Instructions for the task:
In the entries below, the lines from the one with "Hinchas le reclaman" through the one with "031 Wide-Leg Light Blue Jeans" are to be copied exactly; both ends count.

(Input data begins)

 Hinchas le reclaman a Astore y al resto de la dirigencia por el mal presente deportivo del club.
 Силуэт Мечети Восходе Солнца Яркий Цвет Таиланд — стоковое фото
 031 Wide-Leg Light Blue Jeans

(Input data ends)
(Input data begins)

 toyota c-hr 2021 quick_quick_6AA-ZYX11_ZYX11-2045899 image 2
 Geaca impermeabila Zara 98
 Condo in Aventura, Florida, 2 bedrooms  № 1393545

(Input data ends)

Result of this exercise:
 Hinchas le reclaman a Astore y al resto de la dirigencia por el mal presente deportivo del club.
 Силуэт Мечети Восходе Солнца Яркий Цвет Таиланд — стоковое фото
 031 Wide-Leg Light Blue Jeans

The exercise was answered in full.